Pictures should be omitted from your copy. Everything else in the entries below must be restated word for word.

● **DATA FOR PROCESSING**
┄┄┄┄┄┄┄┄┄┄
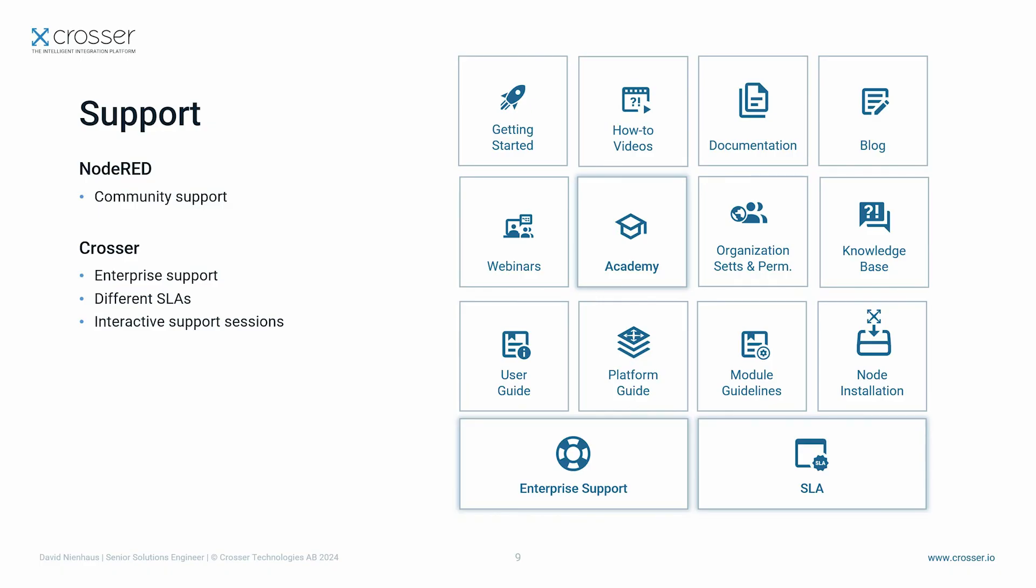With CROSSA you have full supported solution with different SLAs according to your needs. In addition to the enterprise-grade support including interactive support sessions, you also have access to training material, webinars, and a broad knowledge base including best practices and much more.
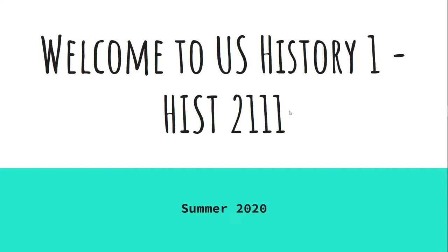Hello and welcome to U.S. History 1 for Summer 2020. I am Mr. Kennedy and I just want to take a minute to introduce myself, give you a little bit of detail on what to expect for the semester and what we're going to be doing.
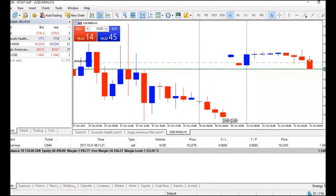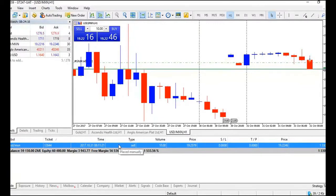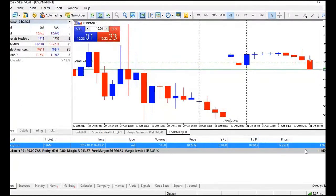Once you have a live trade, it will appear in your toolbox. You will see the name of the symbol, the ticket number, the time you placed your trade, the type of order you placed, the volume, opening price, your stop loss and take profit, the current price, and your profit.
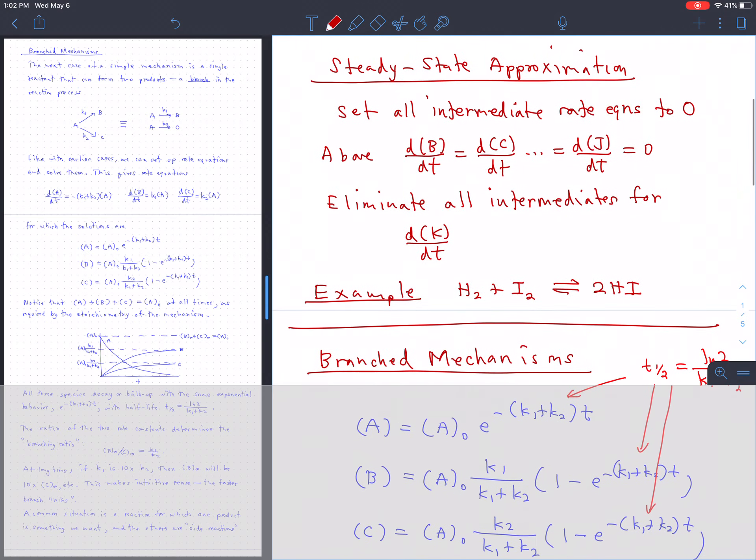We also talked about the steady-state approximation. There isn't as much in the way of fundamental concepts behind that, but it is a very useful procedure. There are a number of homework problems and practice final exam questions that have been assigned to exercise the steady-state approximation.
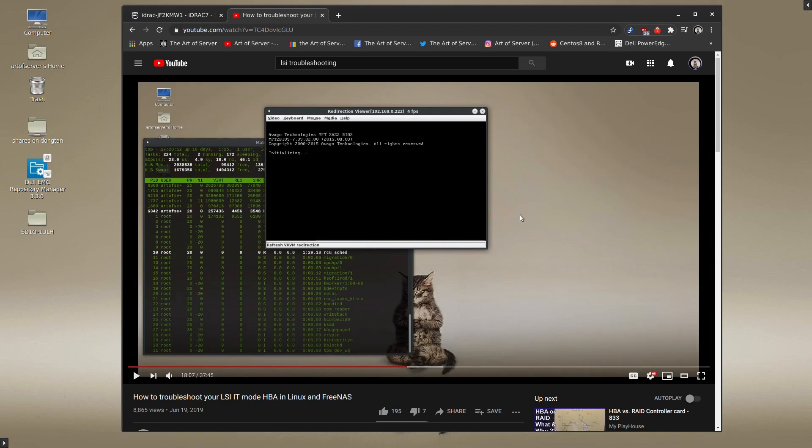Hi guys, welcome to the Art of Server. So in one of my previous videos where I am showing you guys how to troubleshoot your LSI IT Mode HBA card, I said this.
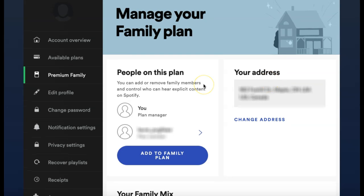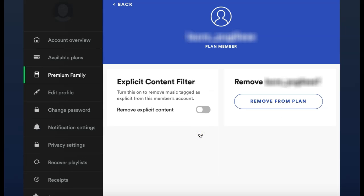Under the People on this Plan section, you will see all of the members included on your family plan listed. Select the member that you would like to remove explicit content for.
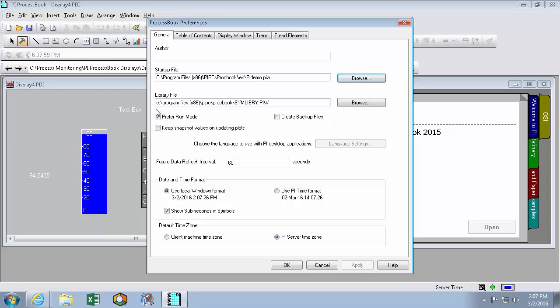Another option of note on this page is the Prefer Run Mode checkbox. While Prefer Run Mode is checked, anytime you finish building a symbol in Build Mode, you'll automatically return to Run Mode. Additionally, anytime you open up PI ProcessBook, you'll also find yourself in Run Mode. If you plan on building a lot of symbols or displays back to back, I'd recommend taking Run Mode off. But if you're intending to just consume displays, preferring Run Mode is ideal.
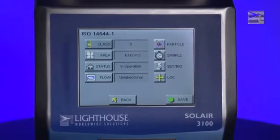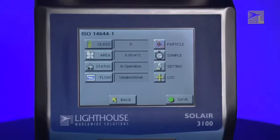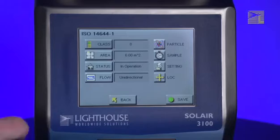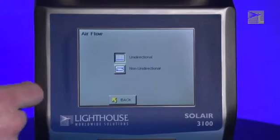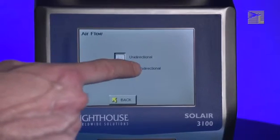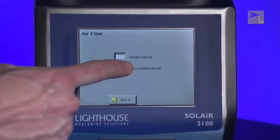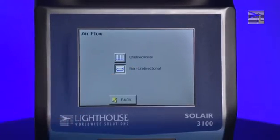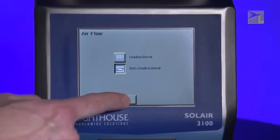When you are taking samples to classify the room, you must specify whether the airflow in the room is unidirectional or non-unidirectional. To set the type of airflow, press the Flow button. Select either unidirectional or non-unidirectional flow. When you are finished, press the Back button.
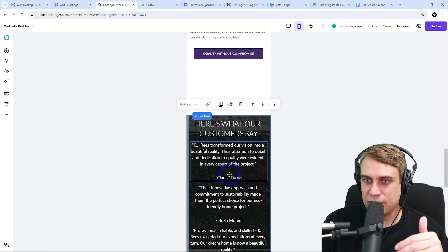Previewing the live site: the fade-in effect looks great, the parallax section works well with the new leaf background image I replaced, green colors are applied throughout, and the custom icons are in place. We've covered most of the key skills.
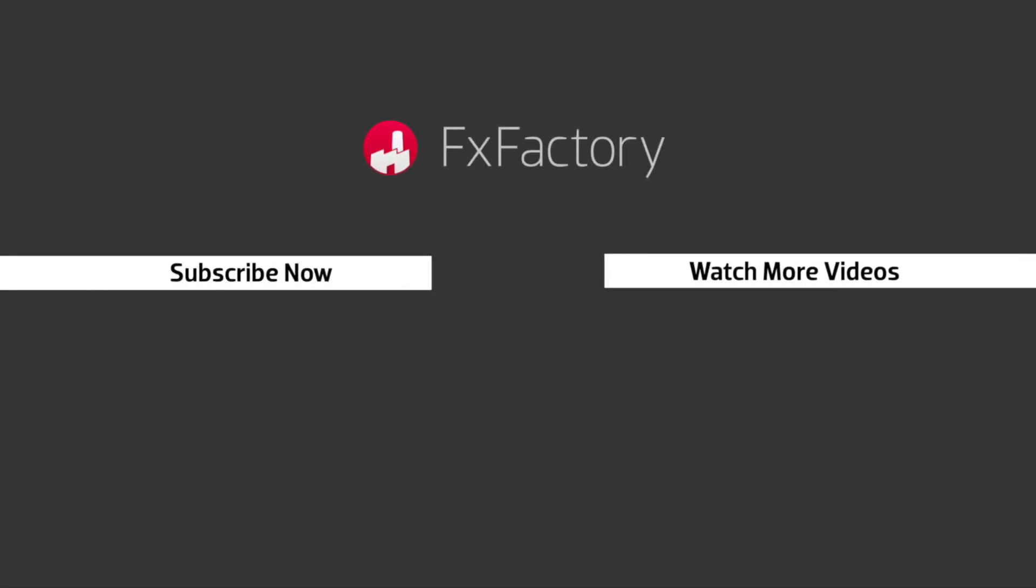FX Factory offers a huge selection of great effects. And if you don't have them yet, I suggest you go try them out at fxfactory.com.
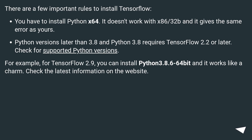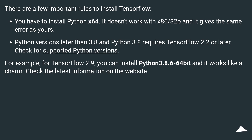There are a few important rules to install TensorFlow. You have to install Python x64 — it doesn't work with x86 32-bit and it gives the same error as yours. Python versions later than 3.8, and Python 3.8, require TensorFlow 2.2 or later. Check for supported Python versions. For example, for TensorFlow 2.9, you can install Python 3.8.6 64-bit and it works like a charm. Check the latest information on the website.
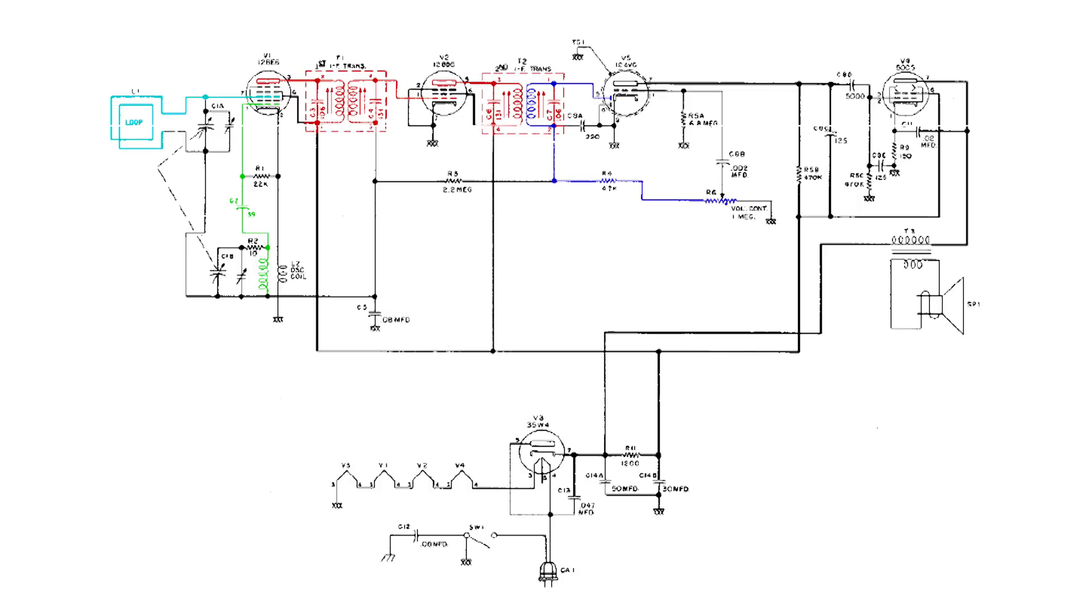Now this audio gets applied to the high side of the volume control. The audio goes through the volume control to the control grid of V5. V5 amplifies it enough to drive an audio speaker.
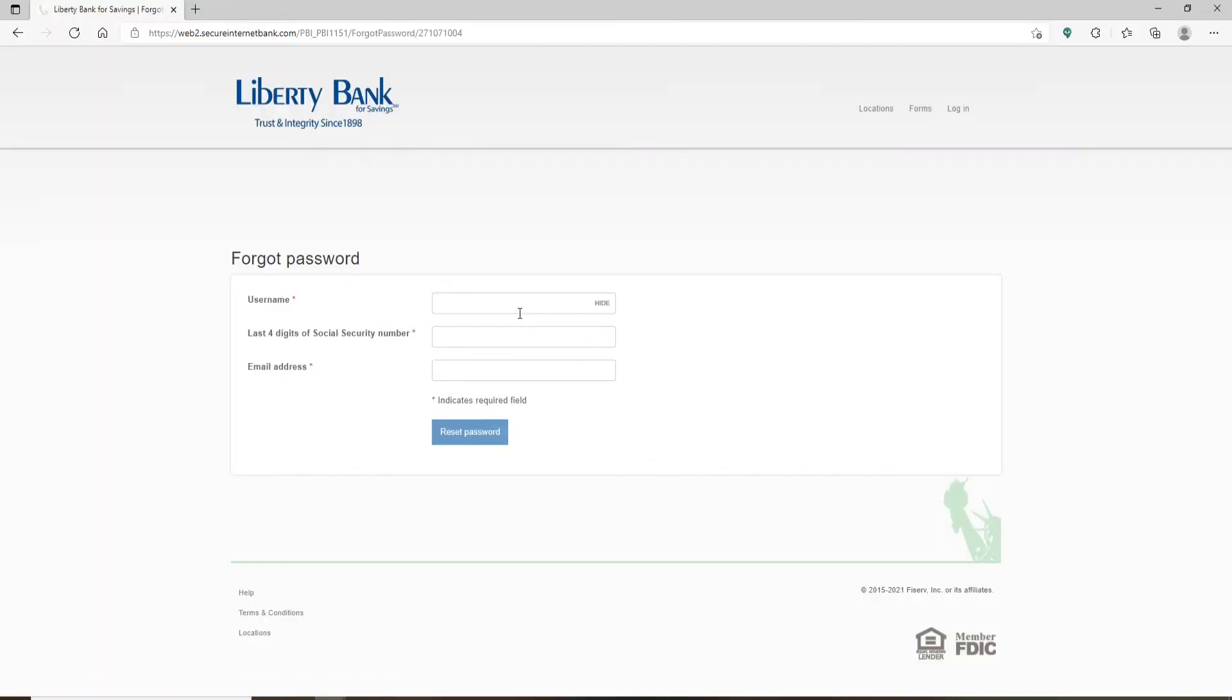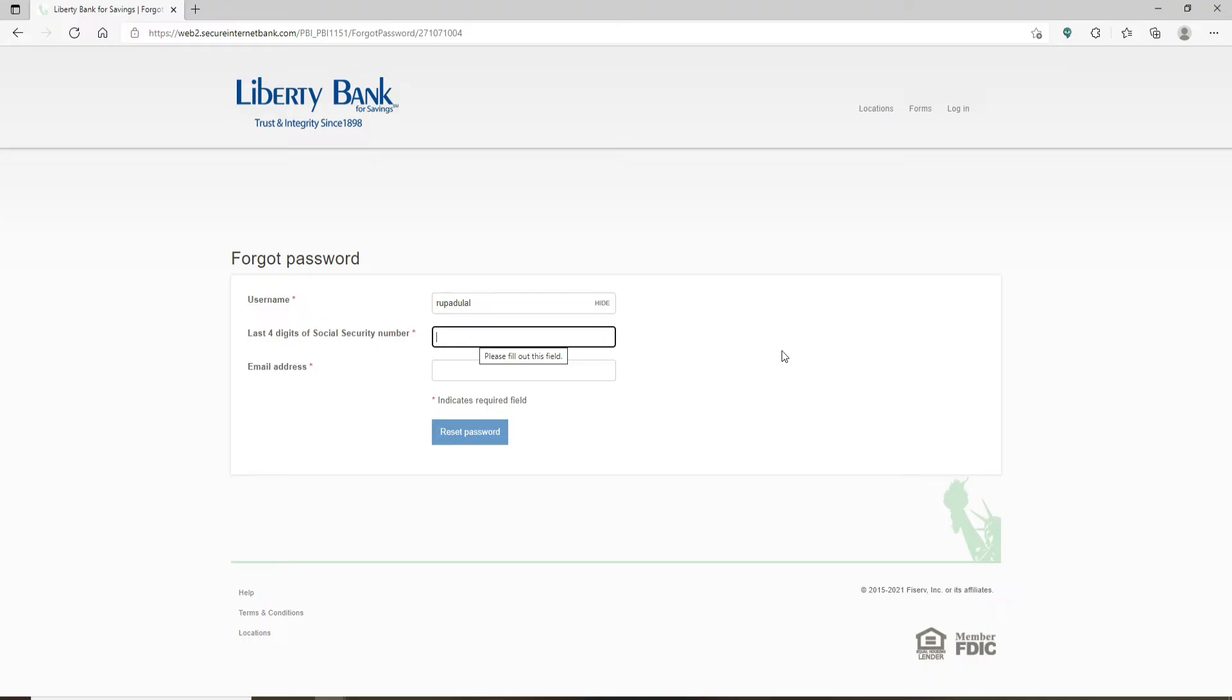On the next page, you'll need to enter your username one more time. On the next field, type in the last four digits of your social security number, then head over to the next field and enter your email address.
┄┄┄┄┄┄┄┄┄┄
● **SOLVED EXERCISE**
With CROSSA you have full supported solution with different SLAs according to your needs. In addition to the enterprise-grade support including interactive support sessions, you also have access to training material, webinars, and a broad knowledge base including best practices and much more.
Hello and welcome to U.S. History 1 for Summer 2020. I am Mr. Kennedy and I just want to take a minute to introduce myself, give you a little bit of detail on what to expect for the semester and what we're going to be doing.
Once you have a live trade, it will appear in your toolbox. You will see the name of the symbol, the ticket number, the time you placed your trade, the type of order you placed, the volume, opening price, your stop loss and take profit, the current price, and your profit.
We also talked about the steady-state approximation. There isn't as much in the way of fundamental concepts behind that, but it is a very useful procedure. There are a number of homework problems and practice final exam questions that have been assigned to exercise the steady-state approximation.
Hi guys, welcome to the Art of Server. So in one of my previous videos where I am showing you guys how to troubleshoot your LSI IT Mode HBA card, I said this.
Under the People on this Plan section, you will see all of the members included on your family plan listed. Select the member that you would like to remove explicit content for.
Another option of note on this page is the Prefer Run Mode checkbox. While Prefer Run Mode is checked, anytime you finish building a symbol in Build Mode, you'll automatically return to Run Mode. Additionally, anytime you open up PI ProcessBook, you'll also find yourself in Run Mode. If you plan on building a lot of symbols or displays back to back, I'd recommend taking Run Mode off. But if you're intending to just consume displays, preferring Run Mode is ideal.
When you are taking samples to classify the room, you must specify whether the airflow in the room is unidirectional or non-unidirectional. To set the type of airflow, press the Flow button. Select either unidirectional or non-unidirectional flow. When you are finished, press the Back button.
Previewing the live site: the fade-in effect looks great, the parallax section works well with the new leaf background image I replaced, green colors are applied throughout, and the custom icons are in place. We've covered most of the key skills.
FX Factory offers a huge selection of great effects. And if you don't have them yet, I suggest you go try them out at fxfactory.com.
There are a few important rules to install TensorFlow. You have to install Python x64 — it doesn't work with x86 32-bit and it gives the same error as yours. Python versions later than 3.8, and Python 3.8, require TensorFlow 2.2 or later. Check for supported Python versions. For example, for TensorFlow 2.9, you can install Python 3.8.6 64-bit and it works like a charm. Check the latest information on the website.
Now this audio gets applied to the high side of the volume control. The audio goes through the volume control to the control grid of V5. V5 amplifies it enough to drive an audio speaker.
On the next page, you'll need to enter your username one more time. On the next field, type in the last four digits of your social security number, then head over to the next field and enter your email address.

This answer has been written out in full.